Entretien.- Le chef a traversé l'histoire avec quatre présidents et des millions de repas préparés. De la victoire des Bleus en 2018 aux attentats du 13 novembre, voici comment il a vécu les soubresauts de l'Histoire des cuisines du Palais.
"Après vingt-cinq ans d'engagement, il était temps de passer le flambeau", déclare Guillaume Gomez. À 42 ans, il a cédé les commandes de la brigade élyséenne à Fabrice Desvignes. Nommé ambassadeur de France pour la gastronomie, il projette désormais d'intégrer les produits du terroir dans la cuisine mondiale. Arrivé au Palais sous Jacques Chirac, ancien militaire et Meilleur Ouvrier de France, il partage ses souvenirs de ces millions de repas préparés pour les présidents et leurs invités.
Débuts au cœur du pouvoir
Madame Figaro. - Votre parcours est impressionnant, surtout pour un jeune qui a été nommé Meilleur Ouvrier de France à 25 ans. Quels nouveaux horizons envisagez-vous après ces années à l'Élysée ?
Guillaume Gomez.- J’ai su très tôt que la cuisine serait ma voie. En m'inscrivant au concours des MOF, je ne pensais pas devenir le plus jeune lauréat. Ce titre m'a rapproché des producteurs et m’a donné la responsabilité de représenter la France et son savoir-faire gastronomique. Aujourd'hui, je veux être l’interlocuteur des acteurs de cette gastronomie.
Souvenirs marquants et défis relevés
Quel moment reste gravé dans votre mémoire ?

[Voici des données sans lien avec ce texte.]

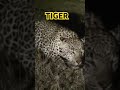 tiger the animal is danger ।। बाघ की असली व गुस्सैल दहाड़ tiger viralshorts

La remise de mes insignes de MOF par Jacques Chirac a été inoubliable. J'ai eu le privilège de partager des instants exceptionnels avec plusieurs présidents. Cela inclut ma rencontre avec la reine d'Angleterre, où elle m'a fait part de l’impact de l’hospitalité française sur ses visites.
Et le pire souvenir ?
Les attentats ont été une période difficile. Nous étions dans un lieu sensible, avec une responsabilité immense. Nourrir les chefs d'État lors de moments critiques tout en rassurant nos équipes ne fut pas une mince affaire.
Cuisiner dans l'imprévu
Chaque journée à l'Élysée était-elle similaire ?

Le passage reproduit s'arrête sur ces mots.